Irish Film Institute -This Sporting Life

This Sporting Life

Like Karel Reisz and Tony Richardson, Lindsay Anderson was another key figure in the ‘Free Cinema’ movement who combined work as a critic and theatre director with filmmaking. Based on David Storey’s semi-autobiographical novel, Anderson’s first feature This Sporting Life is a powerful tragedy about a violent, inarticulate rugby player and his relationship with an older woman. In a career-defining performance, Richard Harris plays Frank Mackin, a Yorkshire coal miner whose aggressive play on the rugby field leads to a brief professional career. Although pursued by a number of women, Frank starves for the love of his landlady, Mrs. Hammond (Rachel Roberts), a bitter, passionless widow who eventually has a physical relationship with Frank but refuses to give herself to him emotionally.
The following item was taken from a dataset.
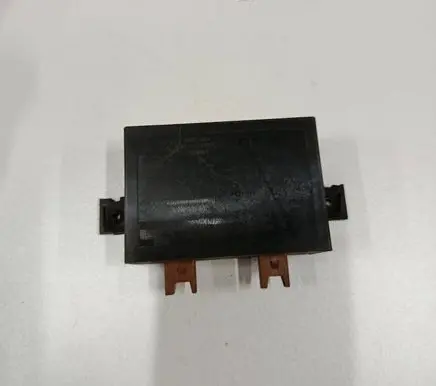 Volkswagen Polo III 6N 6N2 6NF Immobilizer control unit/module 6N0953257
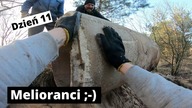 Budowa agroturystyki.  Vlog 5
In one sense, Mackin is a rough version of the ‘angry young man’ and belongs to a group of subversive heroes of the time that also include Joe Lampton in A Room at the Top and Arthur Seaton in Saturday Night and Sunday Morning. Here the class conflict is worked out through the game of professional rugby, which is controlled and corrupted by ruthless commercial interests. But This Sporting Life is no simplistic political tract. Anderson turns the film into a much more personal and intriguing affair by concentrating on the physical and psychological tensions that envelop his hero and the strange, unresolved relationship between Frank and Mrs. Hammond. The visceral power of the sports scenes rival those in Raging Bull and go way beyond the story’s basic requirements to hint at much deeper levels of anxiety. Similarly, there is clearly more to the failure of the central relationship than the characters’ inarticulateness and incompatibility.